▶ _What you have to do_
Pictures should be left out while the data beneath this task is written out word for word.

(Saved entries)
►
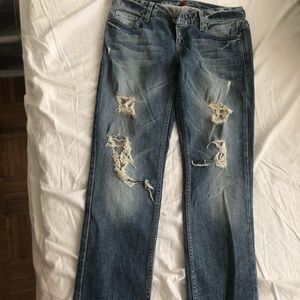 💕Guess💕 ripped skinny-less jean
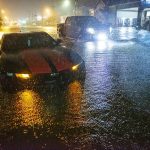 Coches varados en el bulevar Gause inundado en Slidell, Luisiana, el viernes por la noche después de que la tormenta tropical Claudette azotara la costa del Golfo durante la noche del viernes.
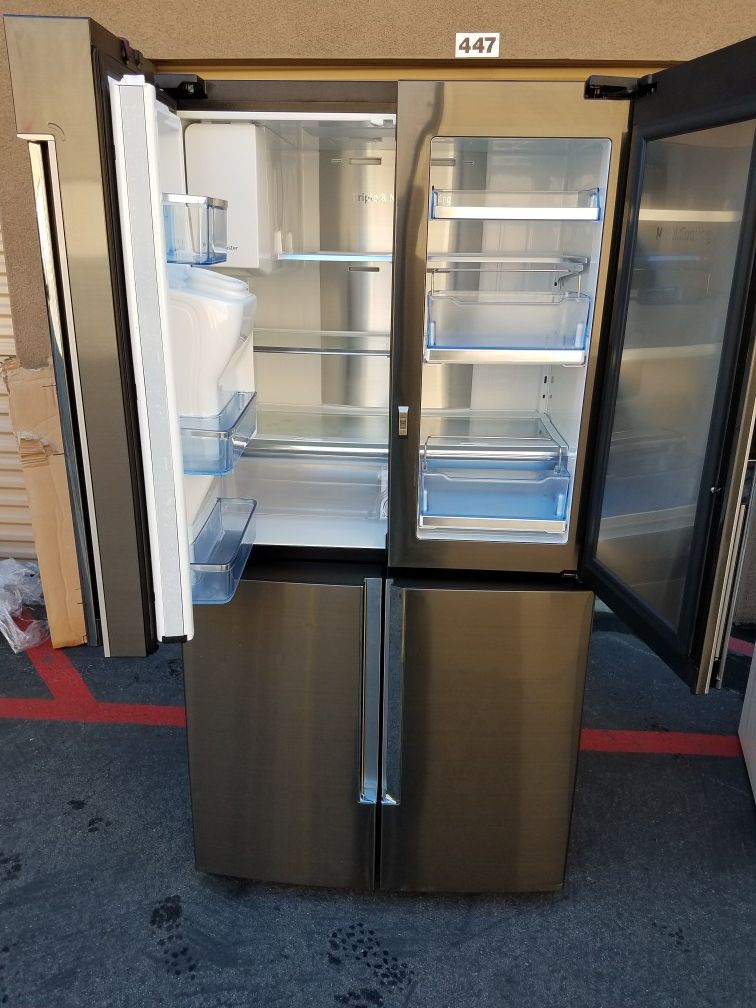 like new Samsung black stanless refrigerator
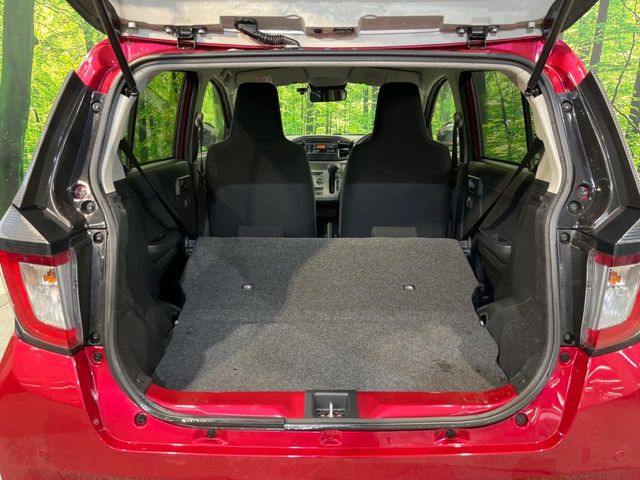 ���i�̂���������ʋ΁A���}���ɏ\���ȉ׎��X�y�[�X���m�ۂ��Ă���܂��B�Z�J���h�V�[�g��|���ƁA�傫�ȉו��̐ύڂ��\�ł���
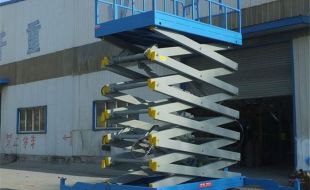 靈活便捷：剪叉式升降平臺(tái)助力汽車工業(yè)倉儲(chǔ)效率提升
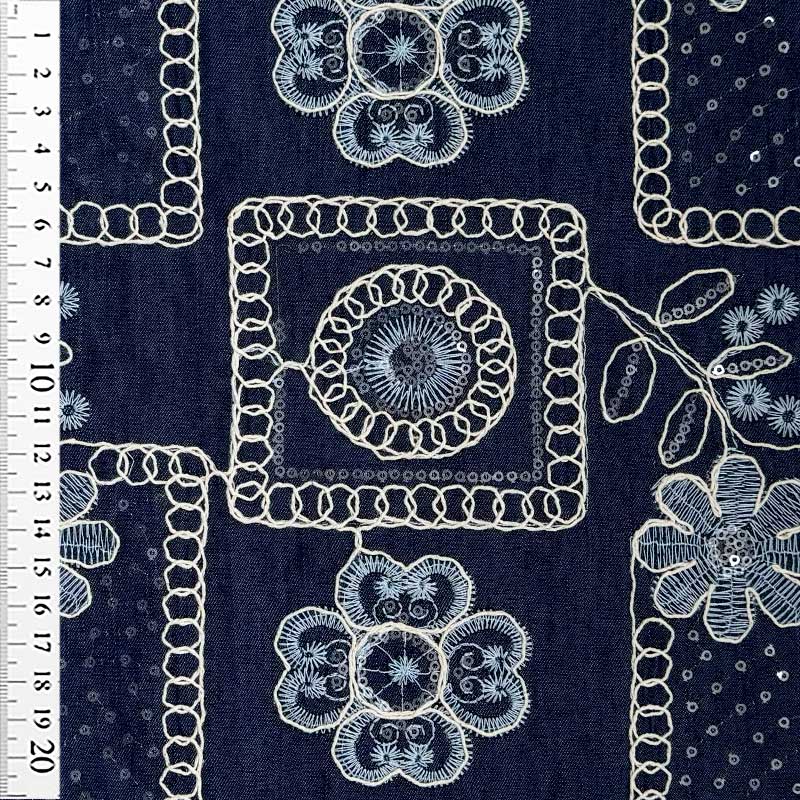 Denim med broderede blomster og detaljer
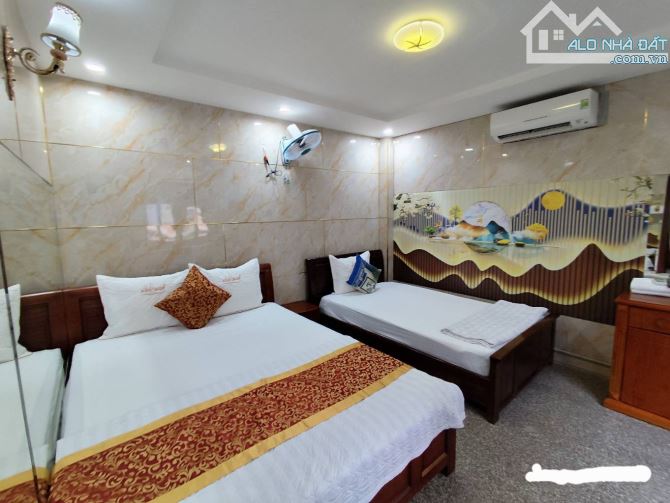 Bán Khách sạn Căn Góc - 5 tầng - 16phòng - 110m2 - Quang Trung - 200tr/tháng - Giá 20 tỷ - 5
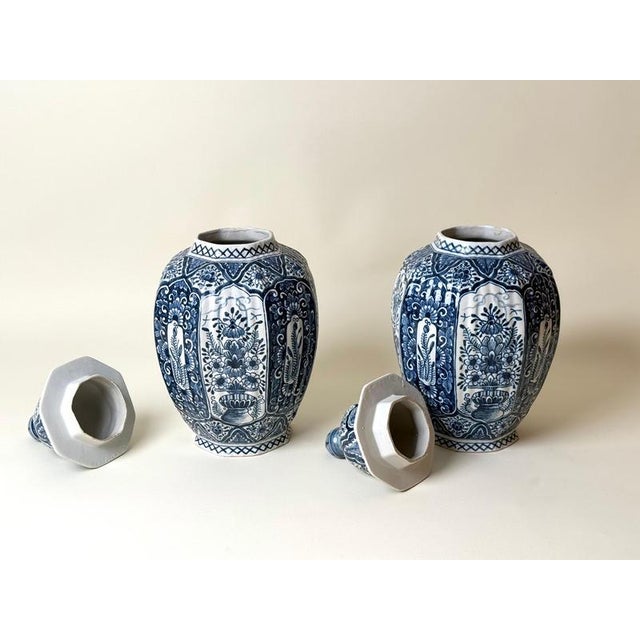 Blue Blue and White Lidded Faience Urns by Tichelaar Makkum, 1930s, Set of 2 For Sale - Image 8 of 14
◄
▶ _Response_
 💕Guess💕 ripped skinny-less jean
 Coches varados en el bulevar Gause inundado en Slidell, Luisiana, el viernes por la noche después de que la tormenta tropical Claudette azotara la costa del Golfo durante la noche del viernes.
 like new Samsung black stanless refrigerator
 ���i�̂���������ʋ΁A���}���ɏ\���ȉ׎��X�y�[�X���m�ۂ��Ă���܂��B�Z�J���h�V�[�g��|���ƁA�傫�ȉו��̐ύڂ��\�ł���
 靈活便捷：剪叉式升降平臺(tái)助力汽車工業(yè)倉儲(chǔ)效率提升
 Denim med broderede blomster og detaljer
 Bán Khách sạn Căn Góc - 5 tầng - 16phòng - 110m2 - Quang Trung - 200tr/tháng - Giá 20 tỷ - 5
 Blue Blue and White Lidded Faience Urns by Tichelaar Makkum, 1930s, Set of 2 For Sale - Image 8 of 14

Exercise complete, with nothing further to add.